Grade 11: Chemistry; Honors Chemistry; Environmental Science; Physics

Grade 12: Chemistry; Honors Chemistry; Environmental Science; Human Anatomy and Physiology†; Physics

For full course descriptions, click the individual course descriptions below. 

Science Course Descriptions

Introductory Physical Science, Girls

Everything in the natural world derives its origin from the spiritual world, thus from the Lord through the heat and light of the spiritual sun. An appreciation for the matter that comprises the natural world and how it functions in an orderly framework is a primary goal of this introductory course. The ability to deal with problems in an orderly and systematic manner is imperative to the development of the rational and therefore to the ability to discern the intricacies of matter. This introductory course in Physical Science involves the constant search for information and understanding of the universe. It involves an introduction to chemistry and physics. Laboratory safety and techniques will be emphasized.
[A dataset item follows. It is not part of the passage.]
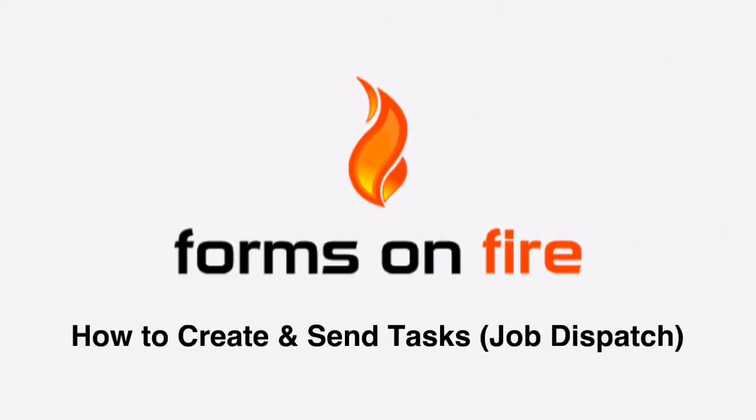Today, we are going to show you how to create and send a task to a mobile user.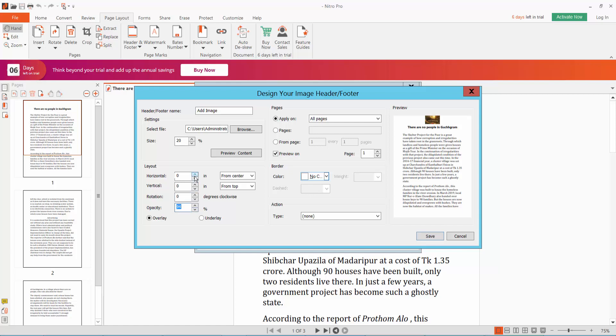You can choose custom to move the image by clicking this. Okay, now click the Save option.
Lecture, video, demonstrations and guest speakers will be utilized. An organized science binder is required and graded. Other areas of graded returns include class participation, classwork, homework, lab reports, quizzes and chapter tests. Some selected topics include: science inquiry, scientific method, the metric system, scientific notation, the atom, the periodic table, matter, density, chemical reactions, chemical formulas, chemical bonding, forces, motion, acceleration, mechanical advantage, simple machines, energy, and electricity. Cooperative group work is emphasized.
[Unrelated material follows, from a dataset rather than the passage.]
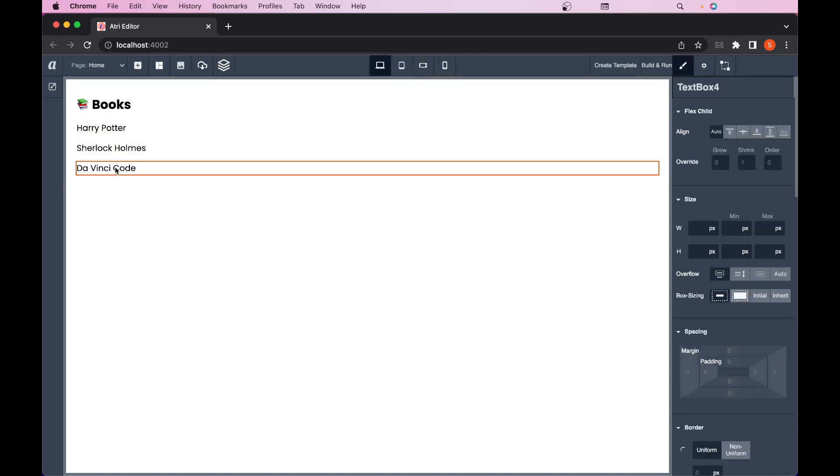Now let's say I want to increase or I want to add more number of books over here. To do that I'll just copy this last book. To copy I'll press command plus C in Mac or control plus C in Windows.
Introductory Physical Science, Boys

Everything in the natural world derives its origin from the spiritual world, thus from the Lord through the heat and light of the spiritual sun. An appreciation for the matter that comprises the natural world and how it functions in an orderly framework is a primary goal of this introductory course. The ability to deal with problems in an orderly and systematic manner is imperative to the development of the rational and therefore to the ability to discern the intricacies of matter. This introductory course in Physical Science involves the constant search for information and understanding of the universe. It involves an introduction to chemistry and physics. Laboratory safety and techniques will be emphasized. Lecture, video, and demonstrations will be utilized. Other areas of graded returns include homework, lab reports, quizzes and chapter tests. Some selected topics include: scientific method, the metric system, scientific notation, acceleration, density, mechanical advantage, the periodic table, chemical formulas and chemical bonding. Cooperative group work is emphasized.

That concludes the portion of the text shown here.